# Who's at fault?



## gatsby76 (Aug 30, 2013)

Hi, I think what my problem has been discussed here already so forgive me for being redundant. However I am in dire need of advice.

It's just at this point now I feel that if i don't do anything or both my wife and how to approach her the this marriage would be destroyed.

Lately, or about almost a year now, we have been having frequent fights. I am working in another place and my wife and 1 kid is left in our country. Being on this situation I have always expected that my wife would support and understand me. Know that I have made sacrifices to earn money because even if I work in our country it wouldn't be enough.

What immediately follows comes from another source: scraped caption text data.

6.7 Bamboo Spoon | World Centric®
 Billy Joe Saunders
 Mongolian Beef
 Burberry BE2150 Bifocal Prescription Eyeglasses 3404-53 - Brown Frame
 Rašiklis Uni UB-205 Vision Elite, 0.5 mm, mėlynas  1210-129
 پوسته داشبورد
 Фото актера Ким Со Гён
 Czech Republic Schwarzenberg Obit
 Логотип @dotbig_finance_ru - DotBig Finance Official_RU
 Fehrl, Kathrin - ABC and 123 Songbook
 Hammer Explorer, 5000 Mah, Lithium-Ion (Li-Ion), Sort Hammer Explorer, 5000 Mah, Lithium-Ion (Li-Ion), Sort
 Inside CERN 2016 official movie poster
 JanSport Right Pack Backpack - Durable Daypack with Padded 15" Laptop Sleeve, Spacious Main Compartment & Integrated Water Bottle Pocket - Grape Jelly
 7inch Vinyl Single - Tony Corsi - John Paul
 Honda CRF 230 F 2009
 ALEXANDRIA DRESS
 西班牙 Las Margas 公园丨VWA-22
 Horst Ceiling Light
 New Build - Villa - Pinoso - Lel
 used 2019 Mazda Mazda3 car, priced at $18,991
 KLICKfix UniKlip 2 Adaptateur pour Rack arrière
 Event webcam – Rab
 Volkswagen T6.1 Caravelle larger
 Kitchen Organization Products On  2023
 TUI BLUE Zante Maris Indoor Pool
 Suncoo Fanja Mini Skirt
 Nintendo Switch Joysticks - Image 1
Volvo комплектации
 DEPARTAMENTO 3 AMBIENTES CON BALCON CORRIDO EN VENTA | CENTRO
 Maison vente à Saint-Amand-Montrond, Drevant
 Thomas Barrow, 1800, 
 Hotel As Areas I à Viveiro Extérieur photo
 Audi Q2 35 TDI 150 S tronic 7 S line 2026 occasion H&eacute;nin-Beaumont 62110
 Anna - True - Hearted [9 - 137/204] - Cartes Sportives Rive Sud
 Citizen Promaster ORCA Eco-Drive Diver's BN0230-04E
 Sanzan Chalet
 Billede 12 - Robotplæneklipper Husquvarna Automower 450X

The first 4 years when I was away my wife did not work, I asked her of this because my child was barely 1 year old and i wanted her to take care of him first hand. All was very well and despite the loneliness of being away I felt that my wife cared for me as she always looked and asked for my welfare.

But a big mistake and problem happened, my wife has used the money I spent and for a lot where we wanted to live to her family. I was devastated, my wife was sorry and admitted her mistake. But for me that was a very big dent on my trust on her.

Then I changed company with a a better salary, i was able to bring my wife and kid to live with me in the country where i worked. This is also so that I can keep her away from her family which somehow influences her. So since she is was also here I was transparent, she knew everything about my work and how much i earned.

But all i earned i gave to them, i bought them expensive clothes, gadgets, going out on nice restaurants and the good life, and to be able to do that i was holding back things for my own. You see I am this kind of person, I can live and do without pleasures so that I can give what's left to my wife and child.

Then more than a year ago I decided to send them back home as I gave suspected my company is terminating people due to lack of projects. Sensing the problem, I thought it is much easier that I keep them safe in our own country as well as if I was terminated I can move easily and close out matters.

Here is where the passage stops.